*THE PROBLEM:* Everything in the listing that follows should be reproduced exactly except the pictures.
- - -
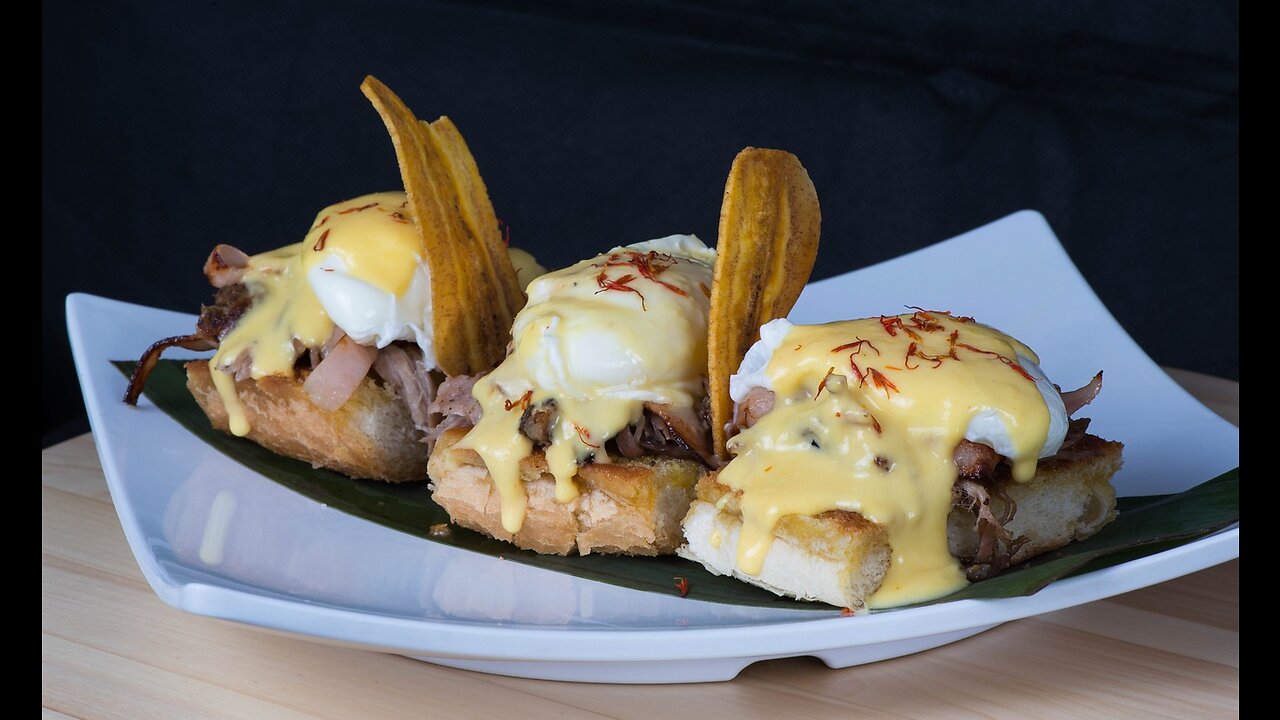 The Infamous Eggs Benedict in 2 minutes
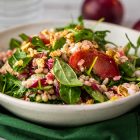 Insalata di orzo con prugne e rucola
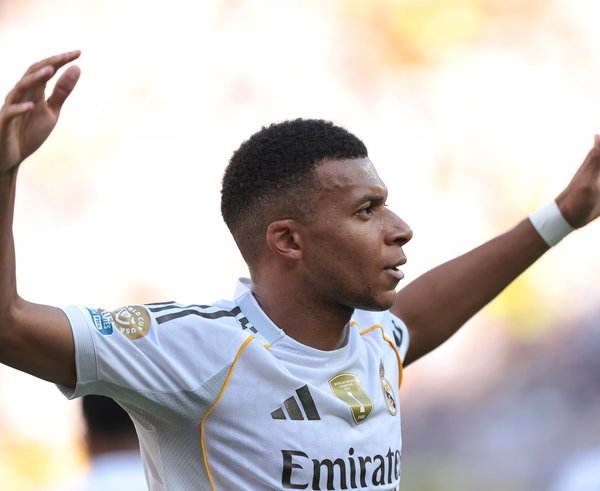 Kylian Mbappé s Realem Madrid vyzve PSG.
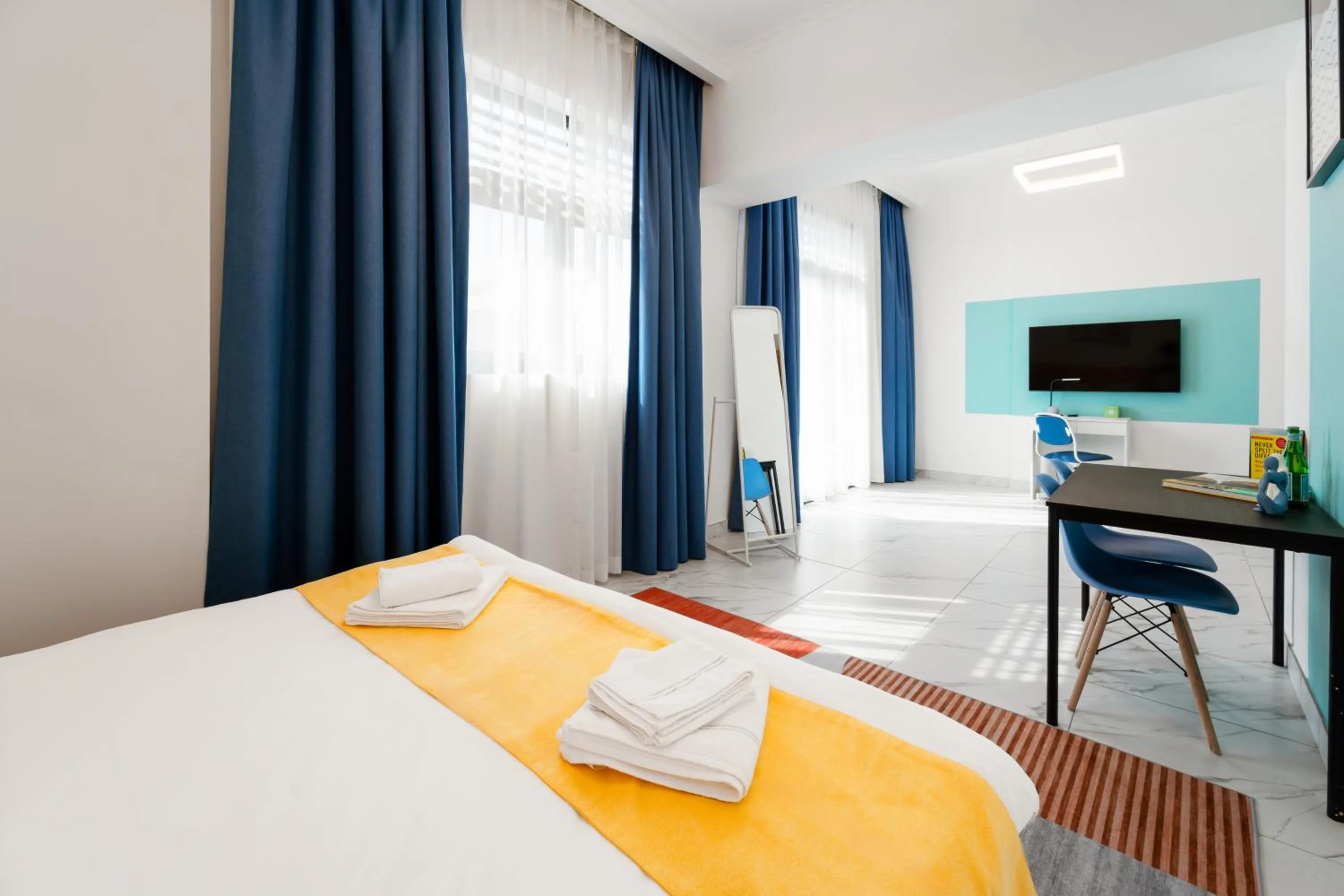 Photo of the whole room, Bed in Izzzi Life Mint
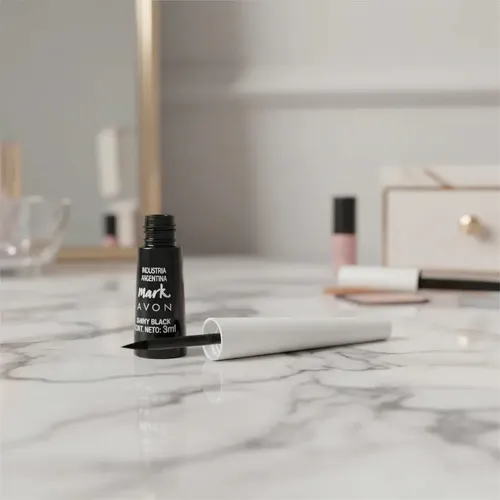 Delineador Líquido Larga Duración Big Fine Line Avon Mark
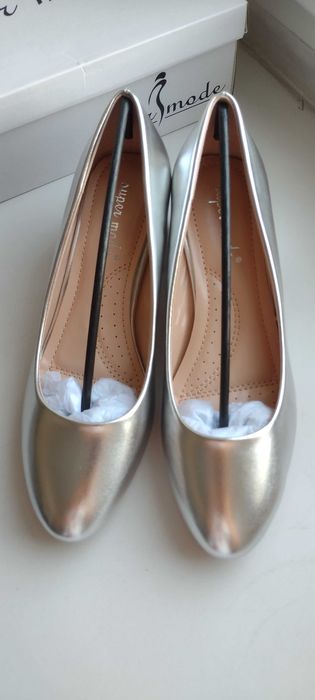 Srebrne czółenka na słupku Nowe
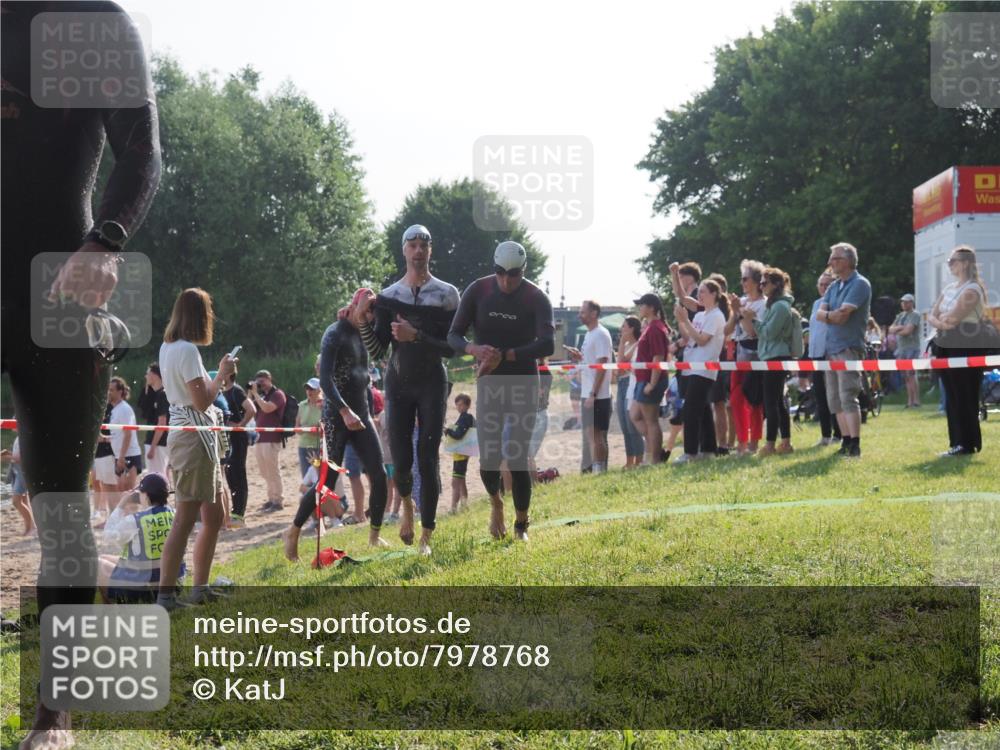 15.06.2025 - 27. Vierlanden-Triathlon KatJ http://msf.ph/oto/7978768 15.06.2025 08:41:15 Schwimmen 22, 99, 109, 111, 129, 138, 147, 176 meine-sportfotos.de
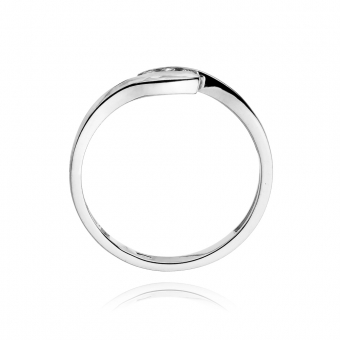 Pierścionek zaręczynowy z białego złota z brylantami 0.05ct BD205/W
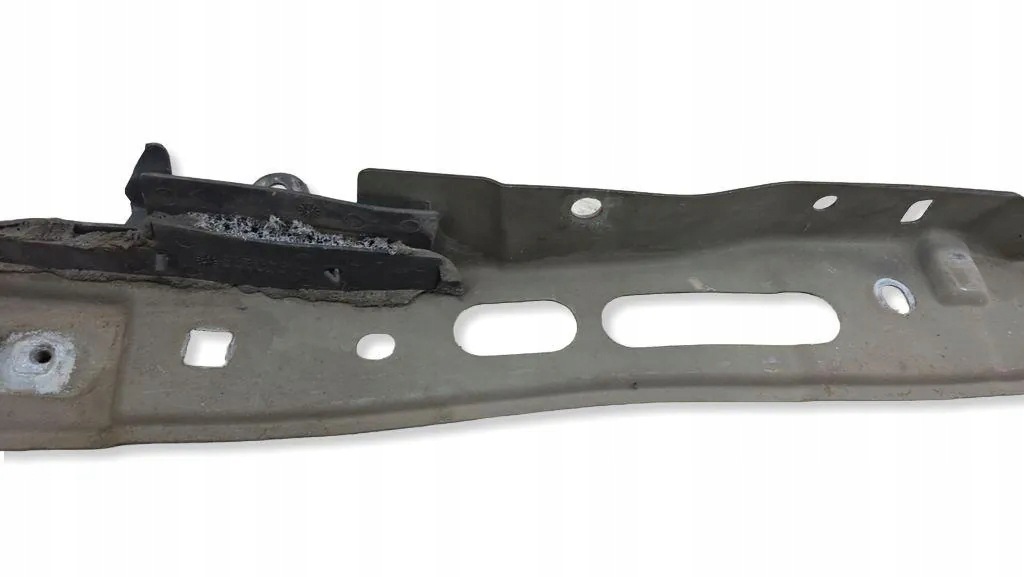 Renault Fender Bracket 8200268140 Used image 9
- - -
*EXERCISE RESPONSE:*
 The Infamous Eggs Benedict in 2 minutes
 Insalata di orzo con prugne e rucola
 Kylian Mbappé s Realem Madrid vyzve PSG.
 Photo of the whole room, Bed in Izzzi Life Mint
 Delineador Líquido Larga Duración Big Fine Line Avon Mark
 Srebrne czółenka na słupku Nowe
 15.06.2025 - 27. Vierlanden-Triathlon KatJ http://msf.ph/oto/7978768 15.06.2025 08:41:15 Schwimmen 22, 99, 109, 111, 129, 138, 147, 176 meine-sportfotos.de
 Pierścionek zaręczynowy z białego złota z brylantami 0.05ct BD205/W
 Renault Fender Bracket 8200268140 Used image 9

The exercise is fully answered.